Containers (paravirtualization) have emerged as a powerful and convenient technology for managing various workloads. Architectures based on containers running in cloud platforms, with strong Application Programming Interface (API) provisioning and integrated support for load balancing and autoscaling, are called “cloud-native”. The perceived need for a standardized control plane for containers resulted in various initiatives in the 2010s: Docker Swarm™, Apache Mesos®, and (emerging as the de facto standard) Kubernetes® from the Cloud Native Computing Foundation® (CNCF®).
Kubernetes is an open source orchestration platform based on the following primitives (see Kubernetes Infrastructure, Pods, and Services):
Pods: group containers
Services: a set of pods supporting a common set of functionality
Volumes: define persistent storage coupled to the lifetime of pods (therefore lasting across container lifetimes, which can be quite brief)
Namespaces: in Kubernetes (as in computing generally) provide mutually-exclusive labeling to partition resources
Kubernetes management (see Kubernetes Cluster Architecture) is performed via a Master controller which supervises the nodes. This consists of:
API server: the primary communication point for provisioning and control requests
Controller manager: implements declarative functionality, in which the state of the cluster is managed against policies; the controller seeks to continually converge the actual state of the cluster with the intended (policy-specified) state; see Imperative and Declarative
Scheduler: manages the supply of computing resources to the stated (policy-drive) demand
The nodes run:
Kubelet for managing nodes and containers
Kube-proxy for services and traffic management
Much other additional functionality is available and under development; the Kubernetes ecosystem as of 2019 is growing rapidly.

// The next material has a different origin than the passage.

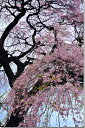 楽天写真パネルのあぁとすぺーすつくば風景写真パネル 福島 平田 しだれ桜 枝垂れ桜 ボタニカル ウォールデコ アートパネル グラフィックアート インテリア 壁飾り 壁掛け 額要らず 模様替え 雰囲気作り リフォーム 新築 ギフト プレゼント お祝い 結婚 誕生日 記念日 風水 思い出 FUK-165-M50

Graphics similar to those presented in Wiki-K8s.
Serverless computing is perhaps the ultimate stage in virtualization because it can completely remove any explicit definition of the compute platform. Instead, code and data is submitted to a serverless service and results are returned some time later, but details of the compute platform that executed the code (e.g., specification, location) may be unknown. In practice, most commercial implementations of serverless computing require some declaration of the compute platform characteristics, even if only in the form of capacity limits. In general, the advantages of serverless systems are low cost, speed of deployment, and scaleability. Disadvantages are typically related to performance, because there is usually no guarantee related to start-up times or the power of the actual compute platform allocated at runtime.
Competency Category “Virtualization” Example Competencies
Install and configure a virtual machine
Configure several virtual machines to communicate with each other
Evidence of Notability
Virtualization was predicted in the earliest theories that led to the development of computers. Turing and Church realized that any general-purpose computer could emulate any other. Virtual systems have existed in some form since at latest 1967 – only 20 years after the first fully functional computers.
Virtualization is discussed extensively in core computer science and engineering texts and is an essential foundation of cloud computing.
The cloud-native community is, at the time of writing, one of the most active communities in computing.
Virtualization is mainly relevant to production computing. It is less relevant to edge devices.